# Random Orbital Sander vs Power Planer



## ebeard (Mar 2, 2009)

Hi,
I know this isn't strictly speaking a router question, but I'm hoping someone can help!

I make quite a bit of furniture (as a hobby) and have a couple of routers and a belt sander among the tool collection. 

Someone is very kindly offering to buy me a tool as a present, and I was thinking of a random orbital sander. That said I seem to remember (or may have made up) someone telling me a long time ago that they're not really worth it. The other option would be a planer (at the moment I use an old hand plane when necessary, and otherwise ignore changing the thickness of wood).

Any help or advice greatly appreciated: I've no idea which would be more useful (and have managed to date without either, but there's always something else to make life easier...)

Thanks in advance,

Ed


----------



## Mike Wingate (Apr 26, 2009)

I find a random orbit sander great on my guitar bodies. I have a sanding frame for one of my belt sanders. I also have a thickness planer. I use the most appropriate tool for the job. I use a Wagner safety planer on my pillar drill and a wide drum sander on the lathe with a horizontal bed for sanding guitar neck heads and volutes, as a sort of thickness sander,


----------



## CanuckGal (Nov 26, 2008)

Base your choice on which would work better for you. If you need to do a lot of thicknessing then opt for the planer. The planer would also cost a little more then a sander. You can pick up a sander for around 40.00. If someone else is buying, get the planer!


----------



## dutchman 46 (May 23, 2007)

Hello Ed, What i will tell you is that both are very good investments. I do not have a thickness sander, i do have a 12 inch thickness planer. the sander will take the piece of wood, and make it ready for finish. The thickness planer will make the thickness of the wood correct The orbital sander can be used on the project, and ready the project ready for finish. The r/o sander makes a nice present, and is far less e expensive. It is very useful. I hoped i answered your question, and welcome, Have a good Christmas!


----------



## bobj3 (Jan 17, 2006)

Hi Ed

It sounds like you are talking about a hand power planer, if that's the case take the sander,I can't think of a faster way to make to some fire wood than use a power hand planer on it.. 


=======




ebeard said:


> Hi,
> I know this isn't strictly speaking a router question, but I'm hoping someone can help!
> 
> I make quite a bit of furniture (as a hobby) and have a couple of routers and a belt sander among the tool collection.
> ...


----------



## TwoSkies57 (Feb 23, 2009)

Ed.. I've got an 6 year old Craftsman Pro. Planer and for whatever reason, she does an absolutely beautiful job of planning. Never need to do more than just a lil prefinish sanding. (this seems to be more the exception than the rule for this line of planer though!!!) Aside from a lil snipe occasionally she perform great. its a must have in my shop. But I will say that both tools have their place. Which will provide you with the most use. A good planer will save you on sanding time!! A good ROS will save ya sanding time as well as give you a better finish. I use a 3 yr. old Dewalt ROS. Middle of the road unit to be sure, but fair enough. I've been looking at the Festool ROS's. I don't think they can be beat for performance and dust collection. Either way, me thinks if you get a good one of either, you'll be pleased...there's always fathers day.. *S*


----------



## TwoSkies57 (Feb 23, 2009)

OUCH,, yep, if its a hand planer...

no question, ROS it is....


----------



## CanuckGal (Nov 26, 2008)

> OUCH,, yep, if its a hand planer...
> 
> no question, ROS it is....


+1 to that!


----------



## ebeard (Mar 2, 2009)

Thanks everyone. It was a hand power planer I was thinking of, not a table thicknesser: so it sounds like an ROS it is given the majority of the replies. 

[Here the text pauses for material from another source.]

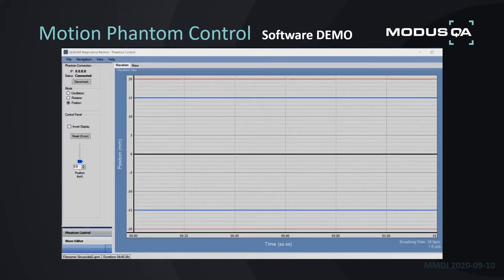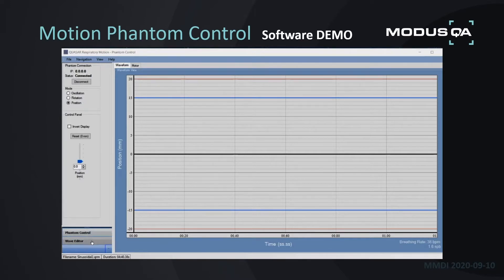I will now provide an overview of our Motion software, which is a simple application to use. On the screen, in the bottom left, there are two main windows. The first is Phantom Control, where you'll operate your Motion Phantom, and the second is the Wave Editor, where you can make adjustments to any captured or imported waveforms.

I've noticed some have round bases and others rectangular ones: is there much difference between the two and benefits to 1 type over the other? Thanks again


----------



## BigJimAK (Mar 13, 2009)

Ed,

If you check carefully you will see the Random Orbital Sanders (ROS) are round. The round disk spins while oscillating, making the scratches it leaves less visible.

If you see a square sander, it is a "pad" or "finishing" sander, and works much, much slower.

The ROS was developed to approach the sanding rate of a belt with quality nearing that finish quality of the pad sander.

Since I've purchased my ROS my finishing sander hasn't been out of the box, although they are better at getting into corners. That said, the ROS is so much quicker that it's work sanding before assembling to get around that!


----------



## Ghidrah (Oct 21, 2008)

I have an old Mak 3" power planer, except for planing down door widths and closer angles, I haven't found another use for it on anything wider than the 3" blade. 
Cross grain planing of the tops and bottoms of stiles never came out smooth, sometimes burning, sometimes chipping still have to sand. If something causes the planing process to stop it very difficult to pick up where you left off without creating a divot. 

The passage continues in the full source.